Growing up in Bogota, talk of bombs and extradition were commonplace in the playground, and so Lao Ra and her brothers were in large part introduced to music by the necessity to stay safe indoors and watch MTV. Rebellion, when it came, started small – in Lao Ra’s case, eating a worm on the first day in front her class to exert her fearlessness, or protesting that the school didn’t have a girls’ football team – but grew in significance (discovering punk, and following it overseas to England). Once relocated to London, Lao Ra began producing her own demos, but her ‘Colombianness’ wasn’t coming through in the way that she wanted. But beginning with ‘Jesus Made Me Bad’, which ruffled feathers and the local charts back home – plus a string of acclaimed tracks since then, including ‘Me Gusta’ (ft. Afro B), ‘Body Bounce’ (ft. Konshens) and ‘Drum Machine’ – Lao Ra has developed that clearly charismatic voice of her own. Here,
frequently, are songs celebrating femininity, power, heartache and sex; uplifting international pop, but always with a sting in its tail. It’s a sound that is already evolving fast, and seems innately able to translate to crowds far beyond Lao Ra’s own (she has already toured with acts as diverse as MØ, Crystal Fighters and Anne Marie to Rejjie Snow and Bomba Estereo, picking up tens of millions of streams along the way).

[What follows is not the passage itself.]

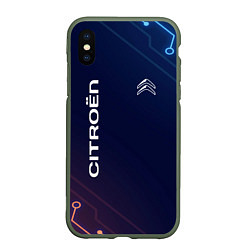 Чехол iPhone XS Max матовый Citroёn Абстракция, цвет: 3D-темно-зеленый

Beginning with ‘No Pressure’, in 2018 Lao Ra appears to have found herself precisely where she needs to be –
with the confidence that comes from travel, growing up and the keenly-felt absence of home to fully embrace
her Latin roots. Those forces – musical, cultural, psychological – that made her who and what she is (warts and
all). And this, unmistakeably, is the sound and story of Lao Ra.